There are a number of benefits that may result from applying Lean principles. These include an increase in labor productivity and reductions in inventories, scrap, safety injuries, product development time and more.
Lean thinking turns on value – specifically the customer’s definition of value. The company applying Lean principles must first communicate with customers to learn what they consider value, and then figure out how to give that to them. Do they want speed? Different features? Top quality? Are they willing to pay for what they want?
Once customer value is defined, the company must analyze their process and identify the steps that add the value that the customer seeks, and those that do not. For example, is the product produced quicker than the customer requires? If so, that’s an area of waste that should be eliminated.
The goal is to create a process that is a continuous flow, whether it’s materials that move continuously through the process without bottlenecks, or an office worker who always knows what she’s working on next, how long it will take and who to hand it off to when she’s finished.
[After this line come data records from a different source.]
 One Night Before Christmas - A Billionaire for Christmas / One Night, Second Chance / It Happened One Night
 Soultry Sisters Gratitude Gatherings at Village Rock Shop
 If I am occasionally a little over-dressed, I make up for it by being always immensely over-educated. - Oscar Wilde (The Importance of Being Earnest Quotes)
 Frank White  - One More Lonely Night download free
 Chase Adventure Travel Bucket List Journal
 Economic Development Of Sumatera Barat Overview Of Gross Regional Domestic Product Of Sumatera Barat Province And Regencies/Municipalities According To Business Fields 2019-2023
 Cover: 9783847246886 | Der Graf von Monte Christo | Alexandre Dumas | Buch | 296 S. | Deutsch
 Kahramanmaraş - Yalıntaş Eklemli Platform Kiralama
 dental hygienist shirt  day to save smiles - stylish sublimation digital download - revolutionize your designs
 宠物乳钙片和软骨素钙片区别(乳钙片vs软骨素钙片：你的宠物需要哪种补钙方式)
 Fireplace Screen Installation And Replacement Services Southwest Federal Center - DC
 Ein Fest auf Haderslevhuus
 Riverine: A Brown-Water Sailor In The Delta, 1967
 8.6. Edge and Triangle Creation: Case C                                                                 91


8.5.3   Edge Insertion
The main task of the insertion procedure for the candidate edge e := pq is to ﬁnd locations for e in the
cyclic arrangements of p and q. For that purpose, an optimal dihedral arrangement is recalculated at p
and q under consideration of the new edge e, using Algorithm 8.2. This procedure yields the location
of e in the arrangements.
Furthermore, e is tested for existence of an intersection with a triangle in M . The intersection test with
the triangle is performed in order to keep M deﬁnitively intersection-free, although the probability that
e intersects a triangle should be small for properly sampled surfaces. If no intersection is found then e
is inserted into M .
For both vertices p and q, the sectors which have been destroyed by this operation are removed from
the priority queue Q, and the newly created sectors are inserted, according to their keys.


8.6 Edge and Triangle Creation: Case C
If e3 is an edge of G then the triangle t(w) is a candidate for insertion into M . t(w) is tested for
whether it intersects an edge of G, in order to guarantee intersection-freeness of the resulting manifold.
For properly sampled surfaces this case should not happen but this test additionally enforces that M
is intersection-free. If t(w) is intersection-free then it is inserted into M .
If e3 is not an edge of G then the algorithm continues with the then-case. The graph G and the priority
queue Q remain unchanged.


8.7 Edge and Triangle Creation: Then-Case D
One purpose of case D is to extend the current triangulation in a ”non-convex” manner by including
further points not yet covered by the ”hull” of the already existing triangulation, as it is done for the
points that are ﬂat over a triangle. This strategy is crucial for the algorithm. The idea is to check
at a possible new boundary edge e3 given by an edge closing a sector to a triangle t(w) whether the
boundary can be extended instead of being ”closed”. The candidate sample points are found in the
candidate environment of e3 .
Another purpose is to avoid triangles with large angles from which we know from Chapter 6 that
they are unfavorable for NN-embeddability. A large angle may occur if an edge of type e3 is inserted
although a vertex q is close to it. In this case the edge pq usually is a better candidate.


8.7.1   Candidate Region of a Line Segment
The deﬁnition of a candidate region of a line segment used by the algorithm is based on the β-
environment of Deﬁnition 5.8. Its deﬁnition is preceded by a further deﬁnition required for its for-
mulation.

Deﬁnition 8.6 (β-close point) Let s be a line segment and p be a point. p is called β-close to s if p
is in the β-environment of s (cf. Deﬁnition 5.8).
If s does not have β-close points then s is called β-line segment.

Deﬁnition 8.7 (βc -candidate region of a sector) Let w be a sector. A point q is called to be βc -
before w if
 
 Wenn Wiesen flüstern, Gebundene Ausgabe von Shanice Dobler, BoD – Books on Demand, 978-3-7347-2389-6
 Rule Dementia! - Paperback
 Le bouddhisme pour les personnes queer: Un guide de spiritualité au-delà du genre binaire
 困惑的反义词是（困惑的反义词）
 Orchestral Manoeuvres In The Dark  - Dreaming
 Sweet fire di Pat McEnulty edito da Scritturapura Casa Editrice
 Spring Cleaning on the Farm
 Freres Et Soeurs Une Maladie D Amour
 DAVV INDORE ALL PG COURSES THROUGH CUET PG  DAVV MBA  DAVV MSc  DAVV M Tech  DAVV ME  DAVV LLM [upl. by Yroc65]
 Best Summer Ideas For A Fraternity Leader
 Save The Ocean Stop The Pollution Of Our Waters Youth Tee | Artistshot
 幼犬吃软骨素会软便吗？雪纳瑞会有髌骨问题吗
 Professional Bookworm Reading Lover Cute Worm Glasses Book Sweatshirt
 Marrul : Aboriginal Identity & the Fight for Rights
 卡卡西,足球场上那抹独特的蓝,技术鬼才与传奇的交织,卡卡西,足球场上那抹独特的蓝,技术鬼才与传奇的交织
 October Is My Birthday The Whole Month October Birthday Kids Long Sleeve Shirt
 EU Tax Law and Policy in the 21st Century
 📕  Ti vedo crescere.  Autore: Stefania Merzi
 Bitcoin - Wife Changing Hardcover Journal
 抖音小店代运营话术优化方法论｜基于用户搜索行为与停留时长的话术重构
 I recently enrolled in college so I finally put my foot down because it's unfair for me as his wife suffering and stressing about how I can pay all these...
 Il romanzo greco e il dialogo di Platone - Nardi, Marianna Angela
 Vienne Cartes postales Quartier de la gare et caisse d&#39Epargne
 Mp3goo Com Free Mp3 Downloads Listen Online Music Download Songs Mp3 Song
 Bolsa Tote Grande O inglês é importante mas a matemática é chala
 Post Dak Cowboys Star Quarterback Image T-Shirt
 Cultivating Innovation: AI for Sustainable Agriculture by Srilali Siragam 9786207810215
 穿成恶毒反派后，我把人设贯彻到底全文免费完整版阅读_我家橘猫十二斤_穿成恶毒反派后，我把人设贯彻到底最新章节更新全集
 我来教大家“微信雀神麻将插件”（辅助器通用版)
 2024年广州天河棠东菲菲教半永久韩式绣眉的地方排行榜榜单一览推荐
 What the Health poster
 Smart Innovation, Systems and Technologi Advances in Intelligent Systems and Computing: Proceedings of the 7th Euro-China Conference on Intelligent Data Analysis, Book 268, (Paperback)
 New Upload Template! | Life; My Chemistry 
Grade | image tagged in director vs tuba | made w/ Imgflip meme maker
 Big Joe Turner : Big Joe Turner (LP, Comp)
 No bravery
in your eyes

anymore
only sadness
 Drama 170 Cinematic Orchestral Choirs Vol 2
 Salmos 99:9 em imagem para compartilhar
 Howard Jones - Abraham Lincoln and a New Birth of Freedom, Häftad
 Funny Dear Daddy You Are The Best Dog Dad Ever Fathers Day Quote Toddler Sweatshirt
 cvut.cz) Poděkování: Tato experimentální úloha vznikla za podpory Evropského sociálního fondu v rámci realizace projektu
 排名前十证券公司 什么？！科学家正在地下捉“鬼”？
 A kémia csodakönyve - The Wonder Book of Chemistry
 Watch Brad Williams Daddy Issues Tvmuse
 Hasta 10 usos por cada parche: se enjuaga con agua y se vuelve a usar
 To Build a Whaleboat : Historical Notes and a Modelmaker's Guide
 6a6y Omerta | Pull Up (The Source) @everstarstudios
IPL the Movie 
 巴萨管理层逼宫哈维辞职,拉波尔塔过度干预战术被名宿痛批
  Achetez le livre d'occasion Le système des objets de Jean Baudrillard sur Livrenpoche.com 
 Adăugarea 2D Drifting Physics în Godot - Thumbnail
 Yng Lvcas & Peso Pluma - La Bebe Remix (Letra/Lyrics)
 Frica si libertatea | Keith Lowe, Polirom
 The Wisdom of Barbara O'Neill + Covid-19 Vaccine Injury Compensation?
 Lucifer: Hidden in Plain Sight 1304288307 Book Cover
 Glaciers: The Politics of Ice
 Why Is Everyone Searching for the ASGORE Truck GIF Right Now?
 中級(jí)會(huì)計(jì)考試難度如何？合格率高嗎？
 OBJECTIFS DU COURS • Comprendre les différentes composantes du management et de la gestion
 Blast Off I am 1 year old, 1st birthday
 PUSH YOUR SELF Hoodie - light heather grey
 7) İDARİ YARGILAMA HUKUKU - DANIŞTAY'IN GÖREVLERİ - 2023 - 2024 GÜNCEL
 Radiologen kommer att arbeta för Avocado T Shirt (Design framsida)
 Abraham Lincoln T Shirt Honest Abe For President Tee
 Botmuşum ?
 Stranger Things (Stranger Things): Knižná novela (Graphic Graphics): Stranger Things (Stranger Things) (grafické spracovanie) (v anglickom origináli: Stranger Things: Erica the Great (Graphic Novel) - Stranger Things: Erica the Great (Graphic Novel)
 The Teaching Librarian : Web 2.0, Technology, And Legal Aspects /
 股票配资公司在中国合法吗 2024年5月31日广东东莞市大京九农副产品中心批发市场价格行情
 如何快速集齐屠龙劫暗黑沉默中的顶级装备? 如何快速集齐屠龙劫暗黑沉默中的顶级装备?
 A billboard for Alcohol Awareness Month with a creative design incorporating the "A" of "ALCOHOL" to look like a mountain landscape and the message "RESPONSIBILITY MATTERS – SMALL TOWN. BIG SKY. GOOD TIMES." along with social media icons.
The next step is to work using the customer pull method. This means that instead of estimating future customer demands, creating a product or service ahead of time to meet those projected demands, then carrying inventory until the customer actually makes the request, the company produces the product only when the customer requires it.
The final step is to constantly seek perfection in the process. As the changes made to the process cause things to flow more smoothly, other areas of waste may be identified and eliminated, making the process even more streamlined and effective.